=== Task prompt ===
Word for word, output the data, with none of its pictures.

[Captioned web image data]
.....
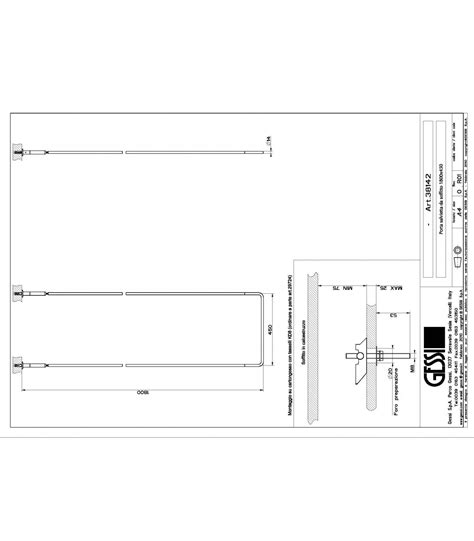 Towel Rail Ceiling Mounted Gessi Goccia Height 180cm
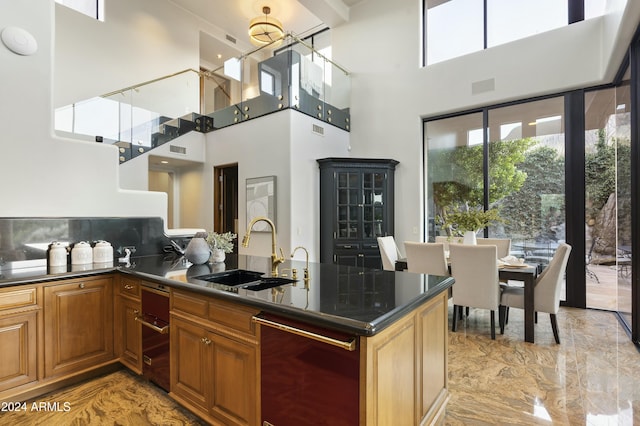 kitchen with plenty of natural light, sink, and a high ceiling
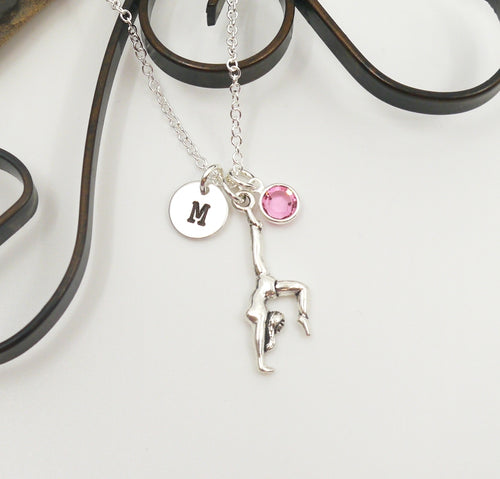 Gymnast Necklace - Initial Necklace - With Birthstone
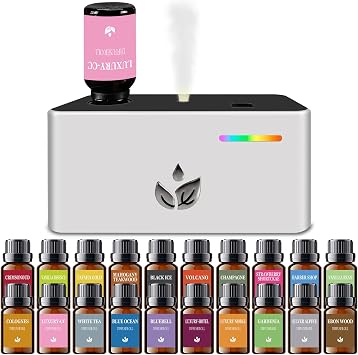 Essential Oil Diffuser with 20pcs Mixed Scent Fragrance Aroma Oils, Rechargeable Waterless Diffuser with 3 Spray Modes for Home Office Hotel White Set 20PCS
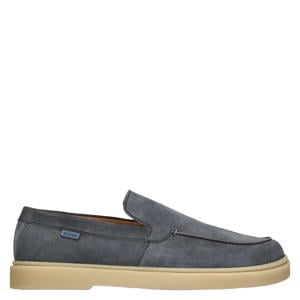 suède loafers blauw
.....
=== Task result ===
 Towel Rail Ceiling Mounted Gessi Goccia Height 180cm
 kitchen with plenty of natural light, sink, and a high ceiling
 Gymnast Necklace - Initial Necklace - With Birthstone
 Essential Oil Diffuser with 20pcs Mixed Scent Fragrance Aroma Oils, Rechargeable Waterless Diffuser with 3 Spray Modes for Home Office Hotel White Set 20PCS
 suède loafers blauw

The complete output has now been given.